_Your instructions_
Transcribe the records word for word. Leave every picture out.

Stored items
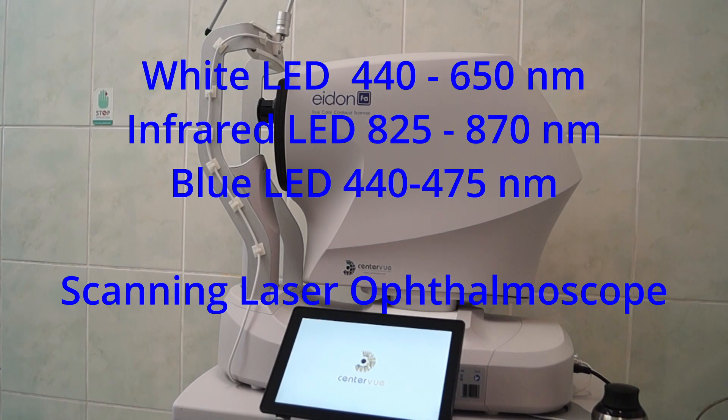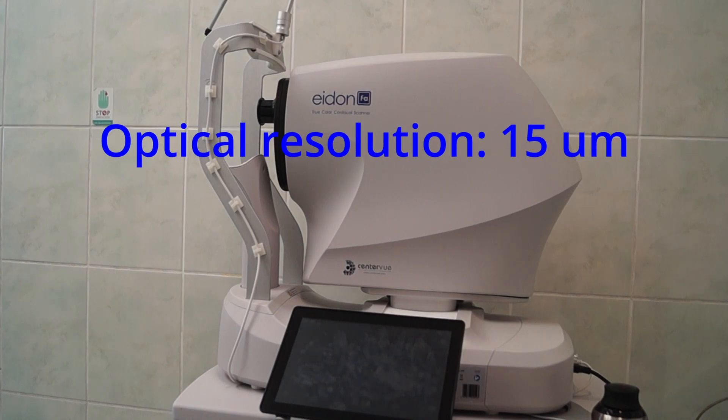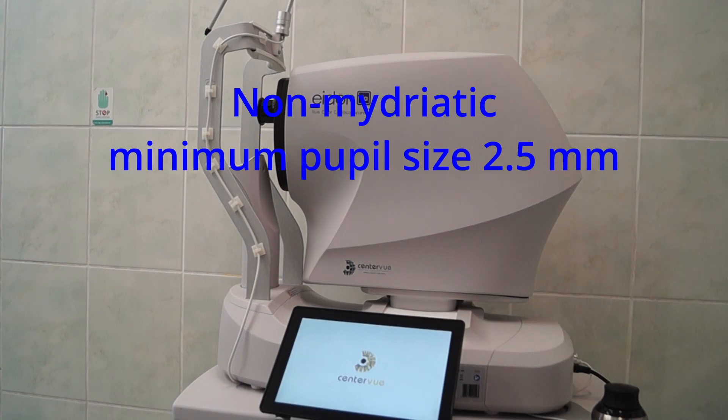There are three light sources: for autofluorescence, fluorescein angiography, and true color fundus photography. It has a 14 megapixel sensor that gives 15 micron optical resolution. This is a non-mydriatic fundus camera, so you don't need to dilate the pupils. The minimum pupil size listed is 2.5 millimeters, though in practice we were able to image at 2.0, even 1.6 millimeters.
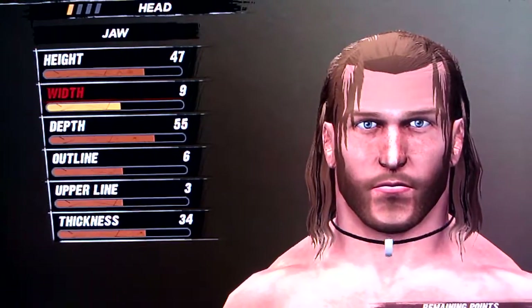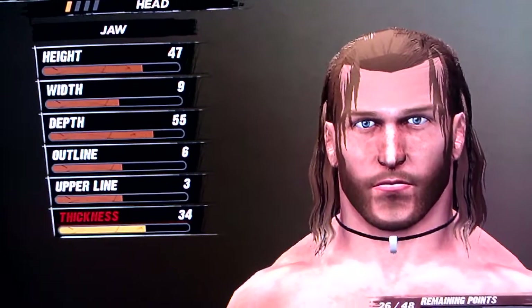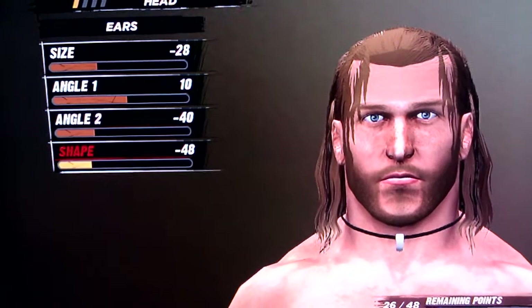Jaw is 47, 9, 55, 6, 3, and 34. And then ears is negative 28, 10, negative 40, and negative 48.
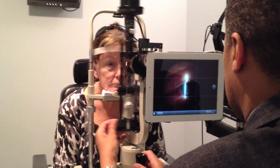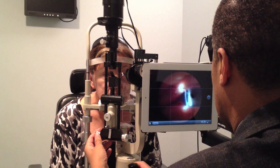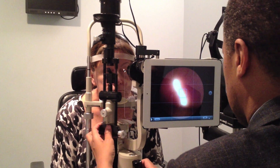Steve is at the slit lamp taking a picture of a patient who had a cataract three days ago, and he's focusing in the eye. Notice that the exposure values are not ideal — the brightness of the slit lamp is too bright, and so he has a choice.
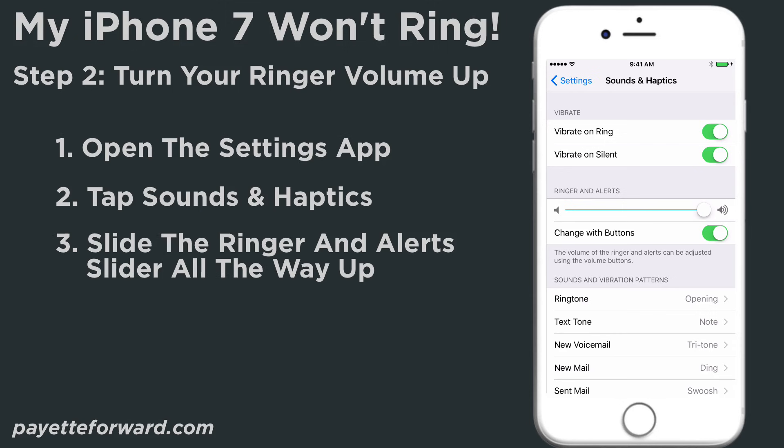If you want to use the volume buttons on the left side of your iPhone to turn up the ringer volume, make sure the Change with Buttons switch is turned on. You'll know the switch is on when it is green.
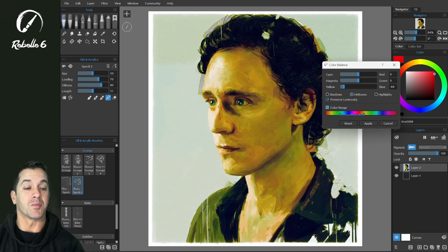When we turn on Preserve Luminosity, you can see it keeps the bright areas bright even with the color changes.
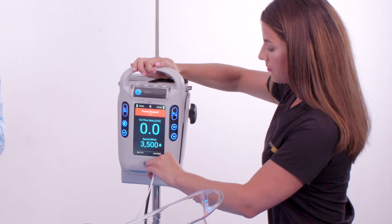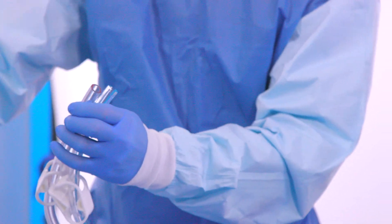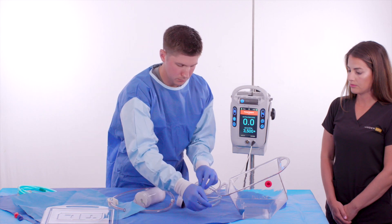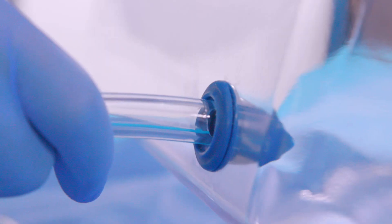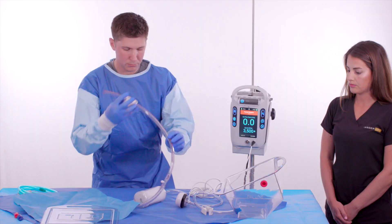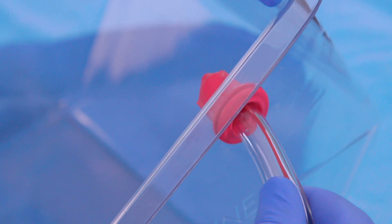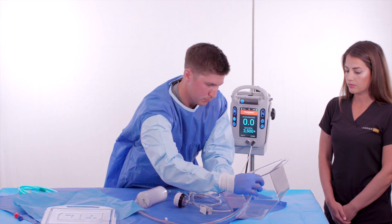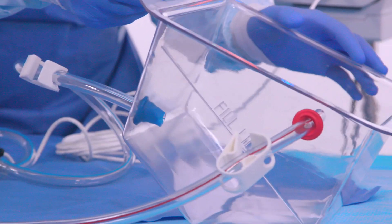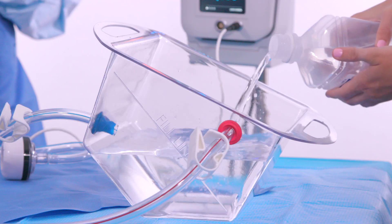The sterile operator removes the red and blue protective tubing caps from the pump tubing, then plugs the pump inflow tubing into the basin's blue port — blue stripe to blue port — and the pump outflow tubing into the basin's red port — red stripe to red port. The sterile operator ensures the tubing is passed through the ports into the basin, and that the basin is in the fill-ready position, tilted back and away from the blue port.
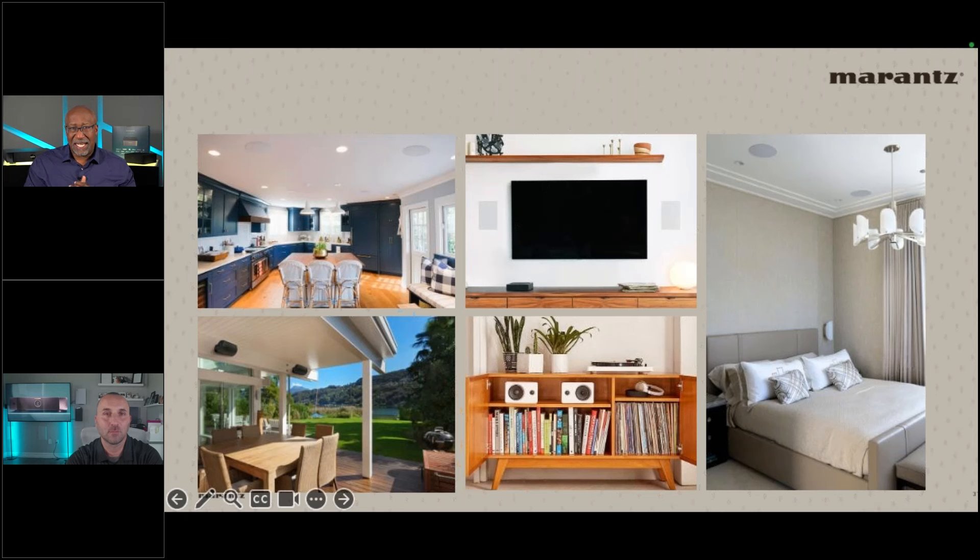The M1 and M4 together complete the Marantz lineup. Now dealers don't need to bring up other brands or have awkward conversations about unsupported rooms. When a customer asks 'can it do this?', the answer is yes — finally, yes, with no caveats or compatibility questions.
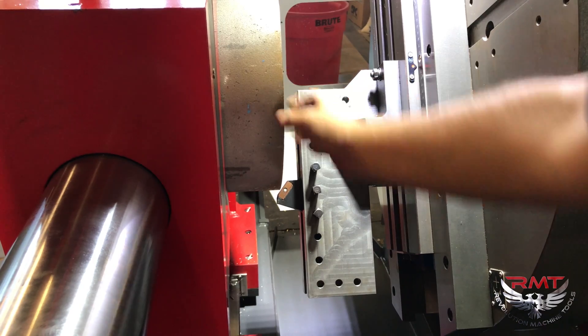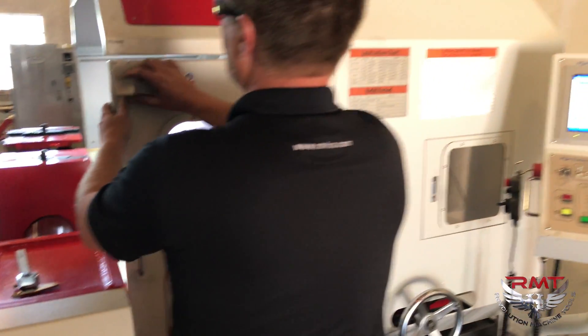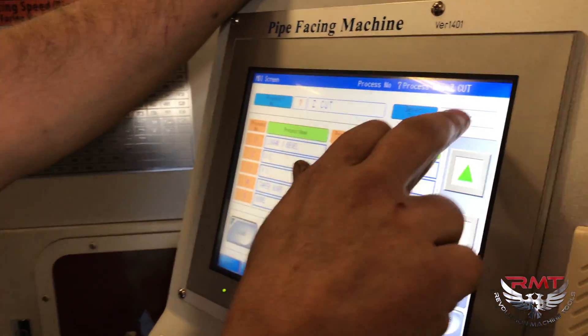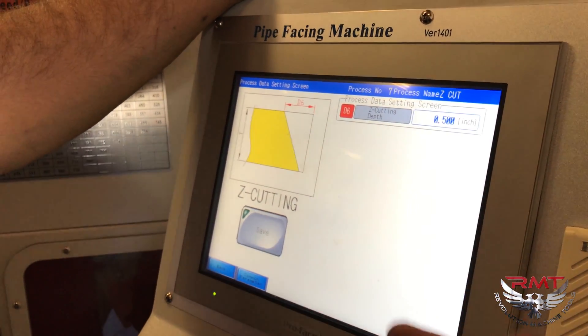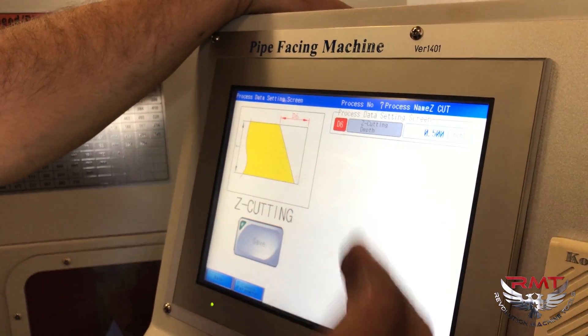It's a 600.6 wall. We call the process Z cutting — we're going to program a depth. I've set the front of my pipe on the machine, zeroed it out, and I'm going to feed in for a half inch and then return.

_Answer for the task_
There are three light sources: for autofluorescence, fluorescein angiography, and true color fundus photography. It has a 14 megapixel sensor that gives 15 micron optical resolution. This is a non-mydriatic fundus camera, so you don't need to dilate the pupils. The minimum pupil size listed is 2.5 millimeters, though in practice we were able to image at 2.0, even 1.6 millimeters.
Jaw is 47, 9, 55, 6, 3, and 34. And then ears is negative 28, 10, negative 40, and negative 48.
Steve is at the slit lamp taking a picture of a patient who had a cataract three days ago, and he's focusing in the eye. Notice that the exposure values are not ideal — the brightness of the slit lamp is too bright, and so he has a choice.
If you want to use the volume buttons on the left side of your iPhone to turn up the ringer volume, make sure the Change with Buttons switch is turned on. You'll know the switch is on when it is green.
When we turn on Preserve Luminosity, you can see it keeps the bright areas bright even with the color changes.
The sterile operator removes the red and blue protective tubing caps from the pump tubing, then plugs the pump inflow tubing into the basin's blue port — blue stripe to blue port — and the pump outflow tubing into the basin's red port — red stripe to red port. The sterile operator ensures the tubing is passed through the ports into the basin, and that the basin is in the fill-ready position, tilted back and away from the blue port.
The M1 and M4 together complete the Marantz lineup. Now dealers don't need to bring up other brands or have awkward conversations about unsupported rooms. When a customer asks 'can it do this?', the answer is yes — finally, yes, with no caveats or compatibility questions.
It's a 600.6 wall. We call the process Z cutting — we're going to program a depth. I've set the front of my pipe on the machine, zeroed it out, and I'm going to feed in for a half inch and then return.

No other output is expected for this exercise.